Block Interleavers (Using the Communications Blockset)

Communications Blockset

Block Interleavers

A block interleaver accepts a set of symbols and rearranges them, without repeating or omitting any of the symbols in the set. The number of symbols in each set is fixed for a given interleaver. The interleaver's operation on a set of symbols is independent of its operation on all other sets of symbols.

Types of Block Interleavers

The set of block interleavers in this library includes a general interleaver/deinterleaver pair as well as several special cases. Each special-case block uses the same computational code that its more general counterpart uses, but provides an interface that is more suitable for the special case.

The Matrix Interleaver block accomplishes block interleaving by filling a matrix with the input symbols row by row and then sending the matrix contents to the output port column by column. For example, if the interleaver uses a 2-by-3 matrix to do its internal computations, then for an input of [1 2 3 4 5 6] the block produces an output of [1 4 2 5 3 6].

The Random Interleaver block chooses a permutation table randomly using the Initial seed parameter that you provide in the block mask.
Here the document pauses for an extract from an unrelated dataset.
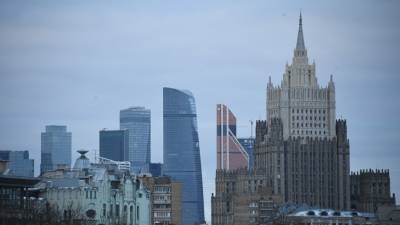 МИД призывает россиян взвешивать риски при поездках зарубеж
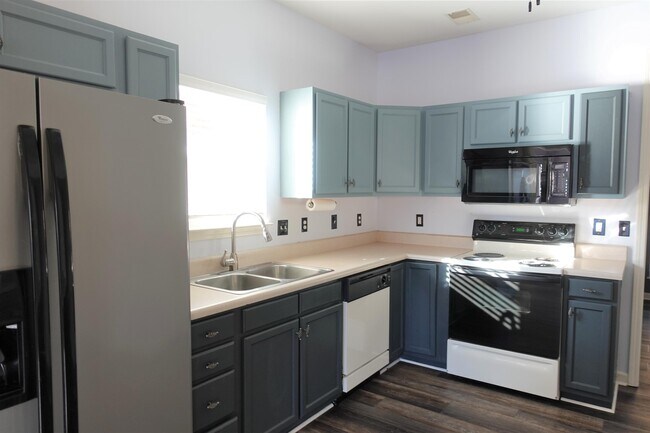 Building Photo - 233 Highgate Cir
By using the same Initial seed value in the corresponding Random Deinterleaver block, you can restore the permuted symbols to their original ordering.

The Algebraic Interleaver block uses a permutation table that is algebraically derived. It supports Takeshita-Costello interleavers and Welch-Costas interleavers. These interleavers are described in [4].

Example: Block Interleavers

The following example shows how to use an interleaver to improve the error rate when the channel produces bursts of errors.

Before running the model, you must create a binary vector that simulates bursts of errors, as described in Creating the Vector of Errors. The Signal From Workspace block imports this vector from the MATLAB workspace into the model, where the Logical Operator block XOR's it with the signal.

To open the completed model, click here in the MATLAB Help browser. To build the model, gather and configure these blocks:

Bernoulli Binary Generator, in the Data Sources sublibrary of the Comm Sources library

Check the box next to Frame-based outputs.

Set Samples per frame to 4.

Hamming Encoder, in the Block sublibrary of the Error Detection and Correction library. Use default parameters.

Buffer, in the Buffers sublibrary of the Signal Management library in the DSP Blockset

Set Output buffer size (per channel) to 84.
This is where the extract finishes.